**TO DO**
Each line in the listing below that includes "folios" should be counted; give the total and nothing more.

**DATASET**
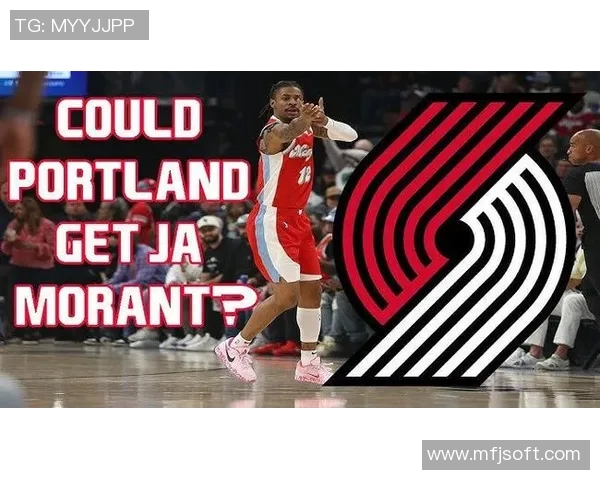 莫兰特联手杨瀚森？直言想冲冠必须追求熊王 夏普和亨德森做筹码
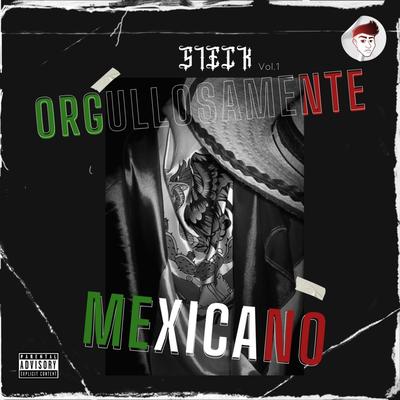 Orgullosamente Mexicano, Vol. 1 By Sieck's cover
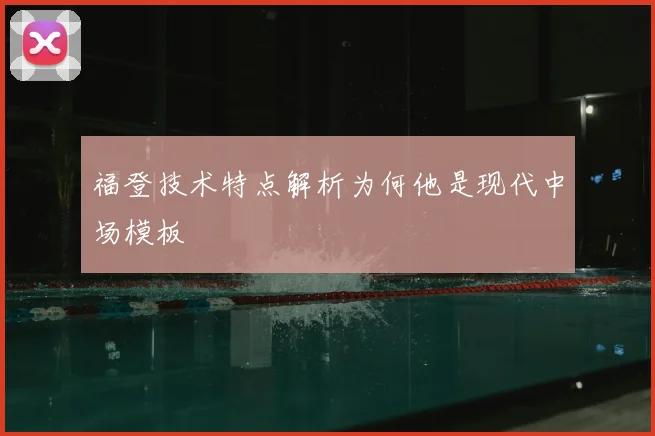 福登技术特点解析为何他是现代中场模板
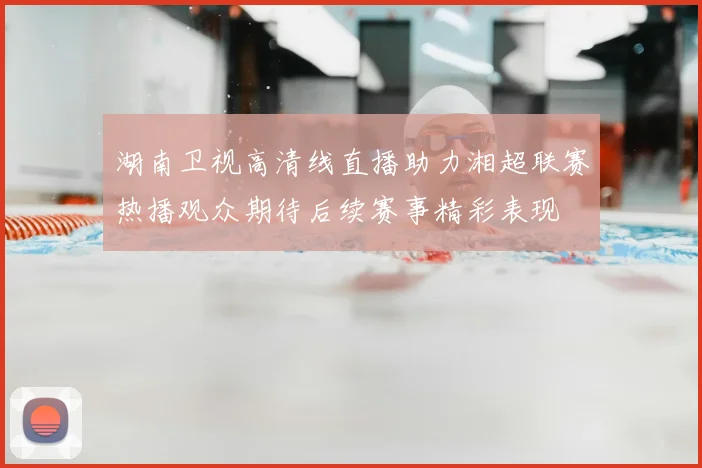 湖南卫视高清线直播助力湘超联赛热播观众期待后续赛事精彩表现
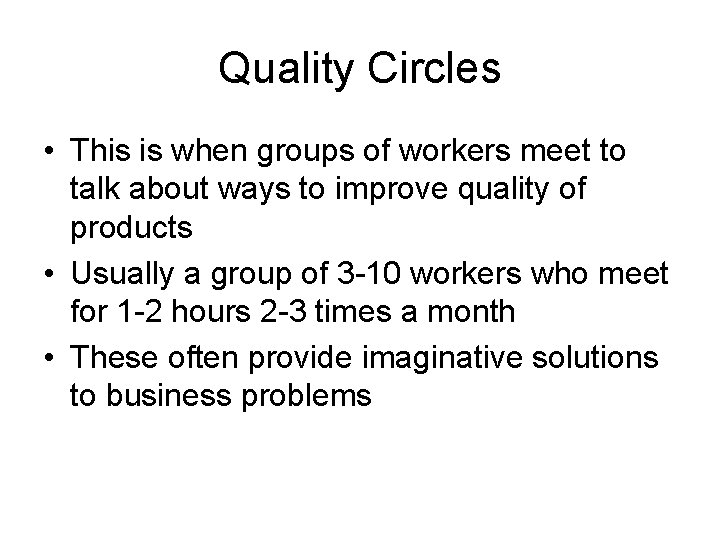 Quality Circles • This is when groups of workers meet to talk about ways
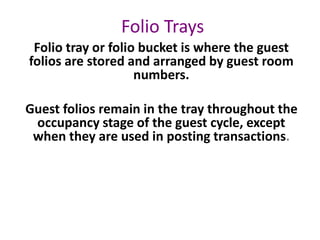 Folio Trays
Folio tray or folio bucket is where the guest
folios are stored and arranged by guest room
numbers.
Guest folios remain in the tray throughout the
occupancy stage of the guest cycle, except
when they are used in posting transactions.
 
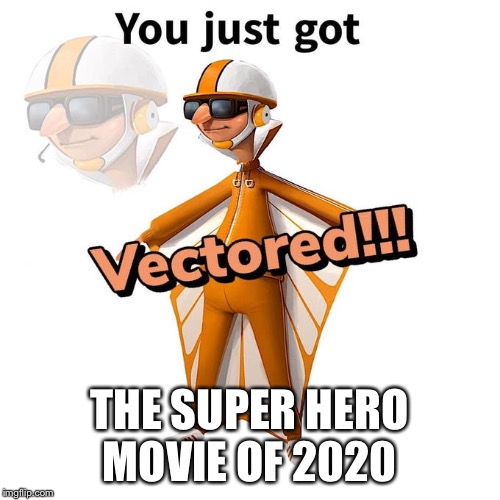 You just got Vectored | THE SUPER HERO MOVIE OF 2020 | image tagged in you just got vectored | made w/ Imgflip meme maker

**FINAL ANSWER**
2